INFORMATION SHOWN →
══════

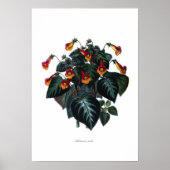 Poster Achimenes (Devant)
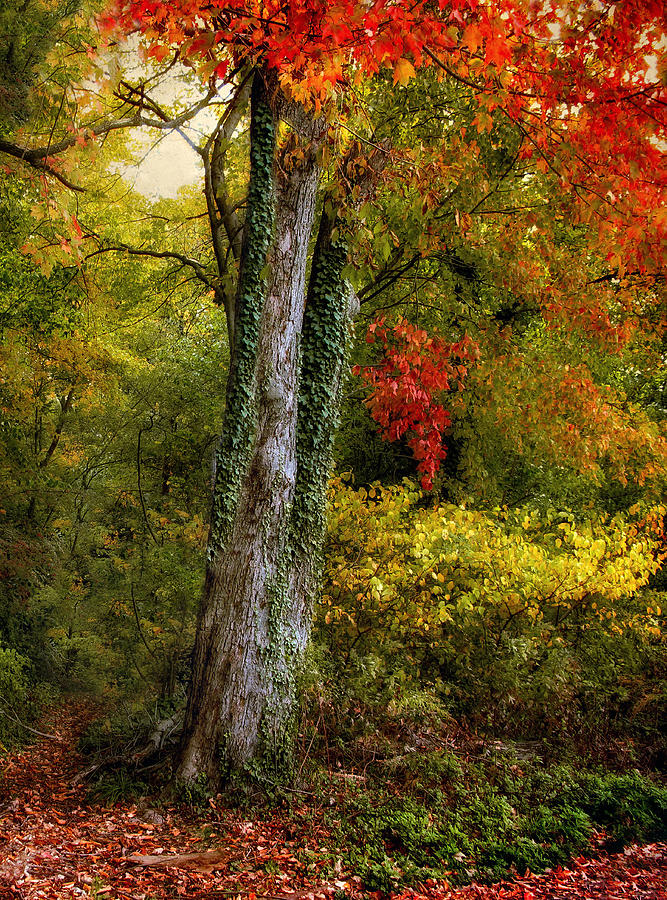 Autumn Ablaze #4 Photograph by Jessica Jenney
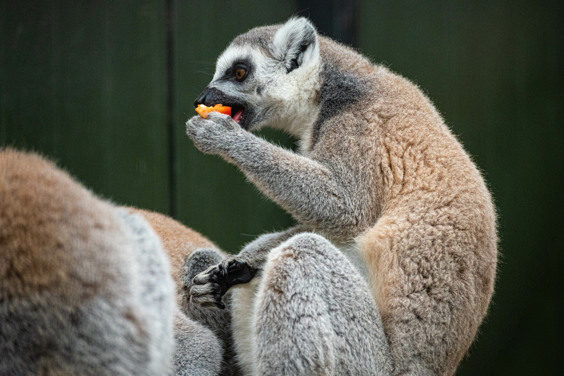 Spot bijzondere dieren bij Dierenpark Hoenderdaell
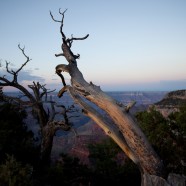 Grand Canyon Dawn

══════

ACTIVITY →
Omit the pictures, then print the rest of the listing above exactly.

SOLUTION TO THIS EXERCISE →
 Poster Achimenes (Devant)
 Autumn Ablaze #4 Photograph by Jessica Jenney
 Spot bijzondere dieren bij Dierenpark Hoenderdaell
 Grand Canyon Dawn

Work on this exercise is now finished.